Download Barnyard2-1.9.tar.gz
UPDATE: Snort 2.9.9.x has been released. Please see the updated series of articles or my quick install guide. I am leaving this older guide online for anyone who wants to install this older version of Snort on Ubuntu, but you really should be using the for the 2.9.9.x version of Snort, since support for older versions of Snort are set to expire, and the updated guide is kept more up to date and includes BASE instead of Snorby for a Web GUI. Installing Barnyard2. Installing Barnyard2 In the previous three articles in this series, we installed Snort, configured it to run as a NIDS, and configured a rule. In this article, we are going to install and configure, which is a dedicated spooler that will help reduce the load on the Snort server.

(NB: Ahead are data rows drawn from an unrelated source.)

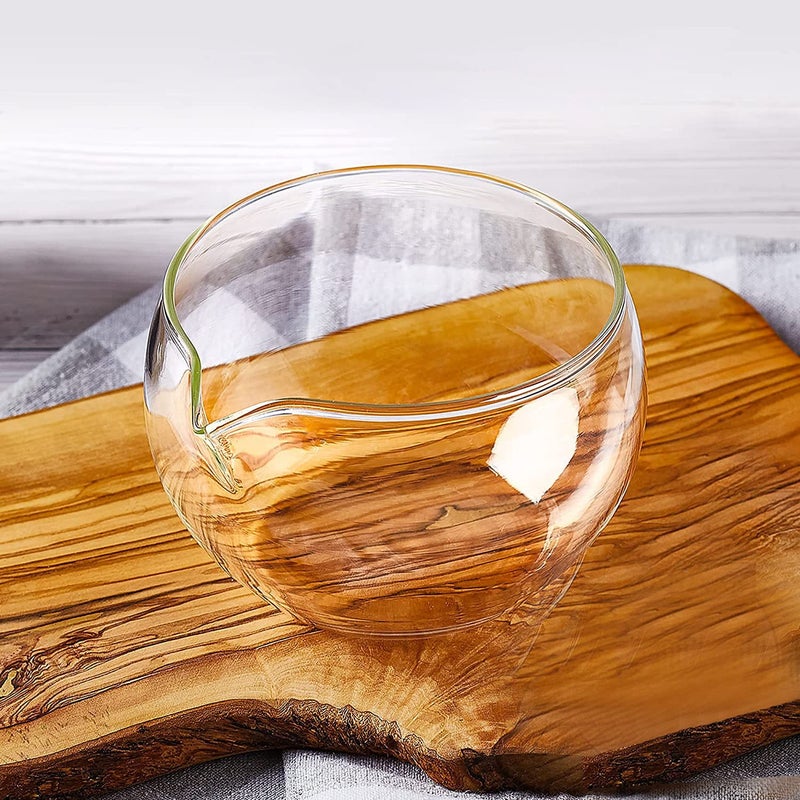 Matcha Bowl with Pouring Spout, Handmade, Thick & Heat-Resistant Clear Matcha Glass, Japanese Style Mixing Bowl for Green Tea, Small Ceremonial Matcha Cup, Easy Whisking Design - Image 3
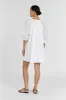 NADIA WHITE LINEN SMOCK DRESS sold by Dissh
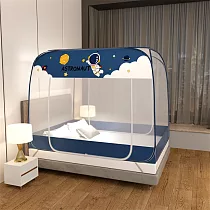 【巴芙洛】夜夜好眠超大空間蒙古包大方頂防蚊蚊帳 宇航藍天 雙人加大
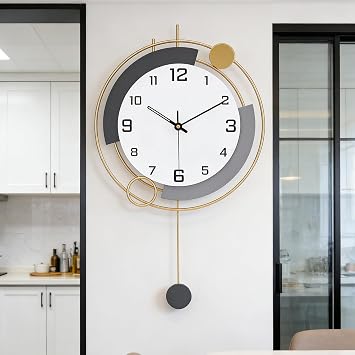 Decorative Wall Clocks with Pendulum,Silent Quality Quartz Battery Operated,Large Wall Clock for Living Room,Kitchen,Home,Bathroom,Bedroom Wall Decor,13x21inch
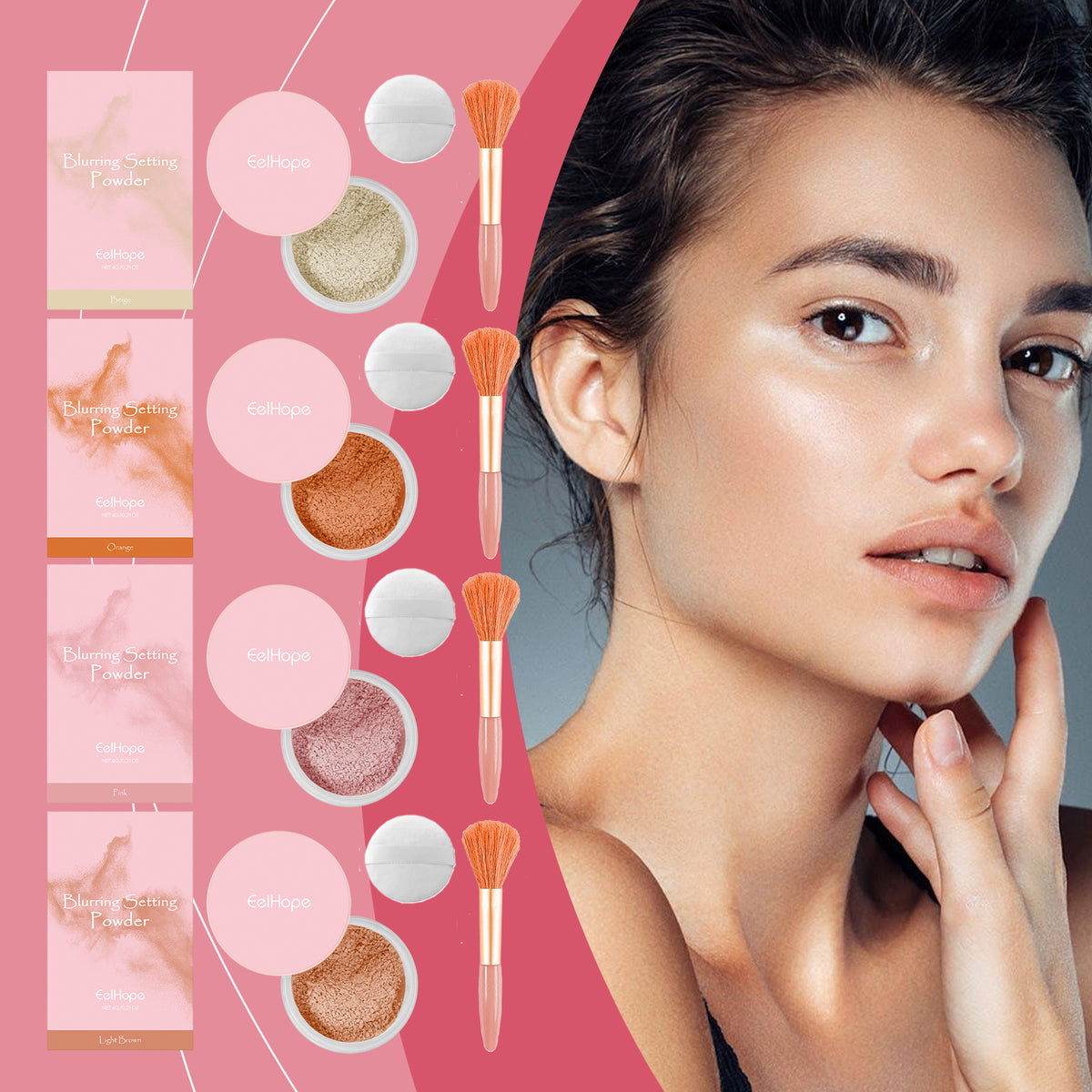 Eelhope The Setting Powder With Brush (Beige) Has A Natural, Light, Fine, Breathable And Snaky Look.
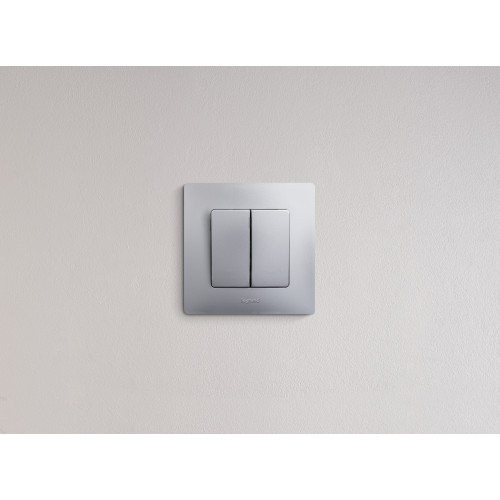 ETIKA Выключатель 2-клавишный схема 5 10АХ безвинтовые зажимы алюминий ETIKA Выключатель 2-клавишный схема 5 10АХ безвинтовые зажимы алюминий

Download the latest Snort open source network intrusion prevention software. Barnyard2 provides the following enhancements to the.
Download the latest Snort open source network intrusion prevention software. Barnyard2 provides the following enhancements to the. Download mirrors for barnyard2-1.9.tar.gz (637.58 KB) 2011-02-07 ftp://ftp.fsn.hu/pub/linux/distributions/gentoo/distfiles/ barnyard2-1.9.tar.gz.

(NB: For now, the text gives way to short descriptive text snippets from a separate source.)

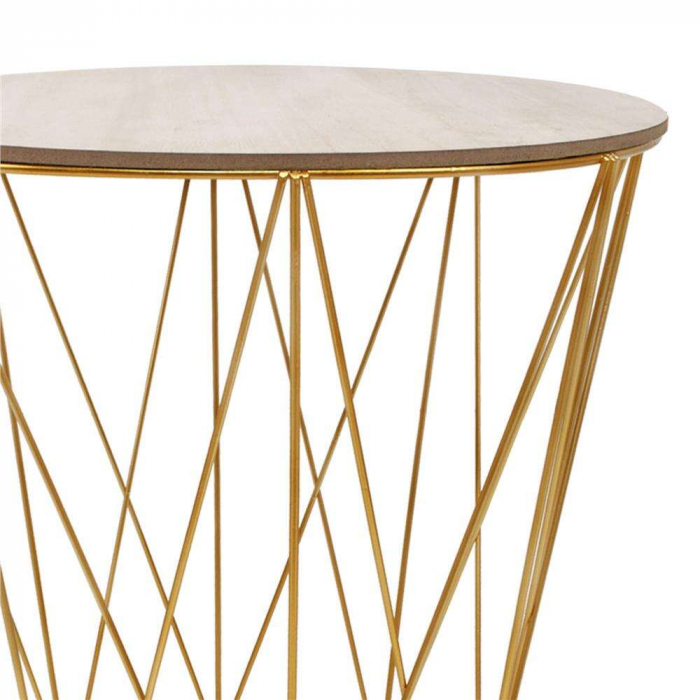MASA ROTUNDA CU COS DEPOZITARE, MDF, BAZA METALICA, AURIU SI NATUR, 27/40X39 CM, SPRINGOS [5]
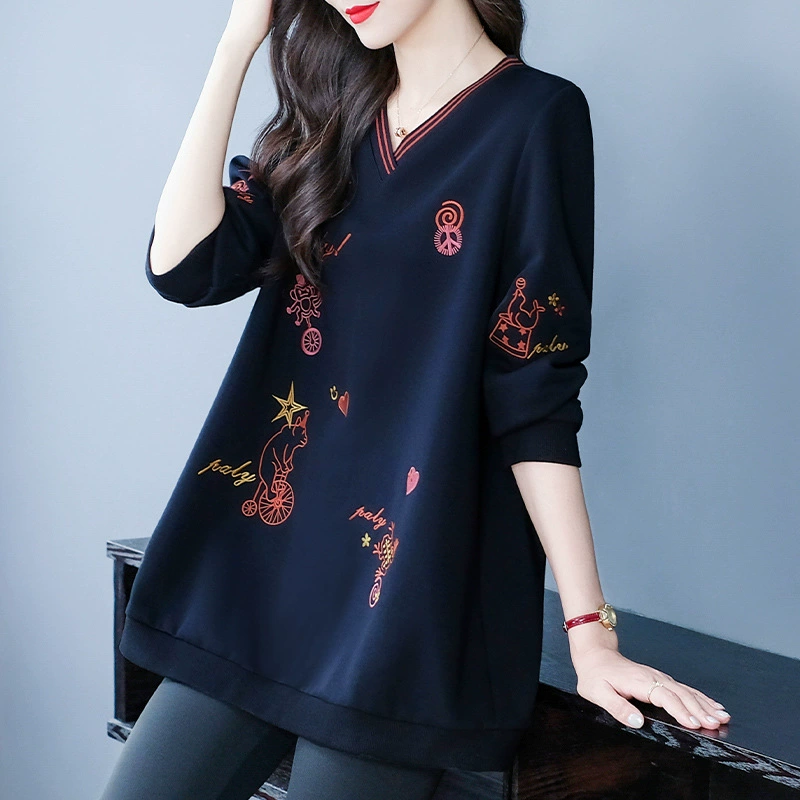 Осенне-зимний Повседневный свитер больших размеров со свободным V-образным вырезом и вышивкой в западном стиле, уменьшающий возраст пуловер средней длины, куртка для женщин среднего и пожилого возраста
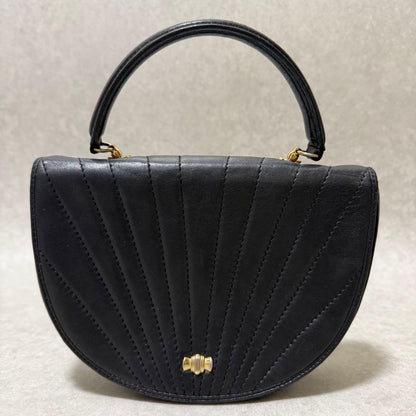 Tiffany & Co Half Moon Black Quilted Leather Handbag Top Handle Gold Hardware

Notes You will be prompted to create both a MySQL root password, as well as a password for a MySQL database snort user. In the examples below, we have chose to use MYSQLROOTPASSWORD as the MySQL root password, and MYSQLSNORTPASSWORD as the MySQL database snort user. Please note the differences when working below. Onward First, we need to install some pre-requisites: sudo apt-get install -y mysql-server libmysqlclient-dev mysql-client autoconf libtool You will be prompted for the MySQL root password.
We choose MYSQLROOTPASSWORD for the below examples. Next, we need to edit the snort.conf: sudo vi /etc/snort/snort.conf We need to add a line that tells Snort to output events in binary form (so that Barnyard2 can read them). After line 520 in /etc/snort/snort.conf (a line that is a commented-out example), add the following line and save the file: output unified2: filename snort.u2, limit 128 This line tells snort to output events in the unified2 binary format (which is easier for snort to output rather than human-readable alerts). Next we need to get, configure, and install Barnyard2. Note on Barnyard2 Version: In the commands below, we will be downloading a specific snapshot of Barnyard2 from github: Barnyard2 version 2.1.14 with commits from Oct 21, 2015 (this is the latest version at this time).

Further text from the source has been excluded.